WHAT IS REQUIRED => Only lines holding "Graz" are needed; copy each of them from the data below.

[SOURCE INFORMATION]

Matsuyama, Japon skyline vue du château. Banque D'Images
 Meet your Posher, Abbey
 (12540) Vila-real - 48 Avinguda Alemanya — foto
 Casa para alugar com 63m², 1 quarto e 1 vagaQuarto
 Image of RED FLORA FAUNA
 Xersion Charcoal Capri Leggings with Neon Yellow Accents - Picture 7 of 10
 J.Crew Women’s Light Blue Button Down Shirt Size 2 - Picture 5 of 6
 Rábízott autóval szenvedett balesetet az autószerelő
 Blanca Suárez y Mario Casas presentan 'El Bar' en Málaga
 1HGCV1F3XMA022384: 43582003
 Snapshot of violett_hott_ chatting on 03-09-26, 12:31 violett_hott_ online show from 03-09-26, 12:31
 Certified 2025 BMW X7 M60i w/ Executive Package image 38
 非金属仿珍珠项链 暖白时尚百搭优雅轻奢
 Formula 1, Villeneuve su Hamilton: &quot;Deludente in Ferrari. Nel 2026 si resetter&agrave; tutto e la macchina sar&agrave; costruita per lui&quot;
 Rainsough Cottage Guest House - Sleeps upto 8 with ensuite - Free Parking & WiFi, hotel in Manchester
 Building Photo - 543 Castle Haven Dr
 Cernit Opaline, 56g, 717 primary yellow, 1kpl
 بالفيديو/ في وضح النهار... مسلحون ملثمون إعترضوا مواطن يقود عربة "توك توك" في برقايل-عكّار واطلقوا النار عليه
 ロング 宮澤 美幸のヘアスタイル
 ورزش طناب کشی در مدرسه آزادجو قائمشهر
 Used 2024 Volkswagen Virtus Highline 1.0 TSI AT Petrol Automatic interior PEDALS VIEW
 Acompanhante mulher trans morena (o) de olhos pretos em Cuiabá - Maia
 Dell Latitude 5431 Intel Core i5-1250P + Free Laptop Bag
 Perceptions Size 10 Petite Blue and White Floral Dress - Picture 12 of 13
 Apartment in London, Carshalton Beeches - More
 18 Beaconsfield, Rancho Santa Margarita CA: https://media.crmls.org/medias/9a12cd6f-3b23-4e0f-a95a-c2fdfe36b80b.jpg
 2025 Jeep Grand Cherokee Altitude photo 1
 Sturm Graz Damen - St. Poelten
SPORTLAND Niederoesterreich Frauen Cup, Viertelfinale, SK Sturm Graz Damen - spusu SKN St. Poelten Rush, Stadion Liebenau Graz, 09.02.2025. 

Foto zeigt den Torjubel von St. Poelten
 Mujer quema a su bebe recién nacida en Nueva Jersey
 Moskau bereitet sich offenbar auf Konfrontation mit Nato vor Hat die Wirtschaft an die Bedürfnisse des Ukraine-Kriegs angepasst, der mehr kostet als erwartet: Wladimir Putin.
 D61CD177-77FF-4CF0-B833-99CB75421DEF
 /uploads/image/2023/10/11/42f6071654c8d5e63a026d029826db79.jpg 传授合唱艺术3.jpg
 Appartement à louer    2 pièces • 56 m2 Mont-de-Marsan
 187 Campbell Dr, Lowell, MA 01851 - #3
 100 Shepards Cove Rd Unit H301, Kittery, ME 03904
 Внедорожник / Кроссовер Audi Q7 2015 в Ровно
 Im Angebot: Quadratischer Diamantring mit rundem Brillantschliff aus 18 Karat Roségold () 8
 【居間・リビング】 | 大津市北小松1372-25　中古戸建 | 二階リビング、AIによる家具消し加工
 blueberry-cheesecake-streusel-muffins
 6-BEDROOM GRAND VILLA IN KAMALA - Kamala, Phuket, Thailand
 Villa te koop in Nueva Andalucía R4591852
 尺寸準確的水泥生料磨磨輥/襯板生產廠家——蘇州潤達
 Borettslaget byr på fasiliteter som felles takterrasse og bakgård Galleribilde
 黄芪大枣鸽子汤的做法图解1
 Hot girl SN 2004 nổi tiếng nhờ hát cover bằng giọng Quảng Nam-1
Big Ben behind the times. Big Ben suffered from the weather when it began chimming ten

[/SOURCE INFORMATION]

WRITTEN ANSWER =>
 Sturm Graz Damen - St. Poelten
SPORTLAND Niederoesterreich Frauen Cup, Viertelfinale, SK Sturm Graz Damen - spusu SKN St. Poelten Rush, Stadion Liebenau Graz, 09.02.2025. 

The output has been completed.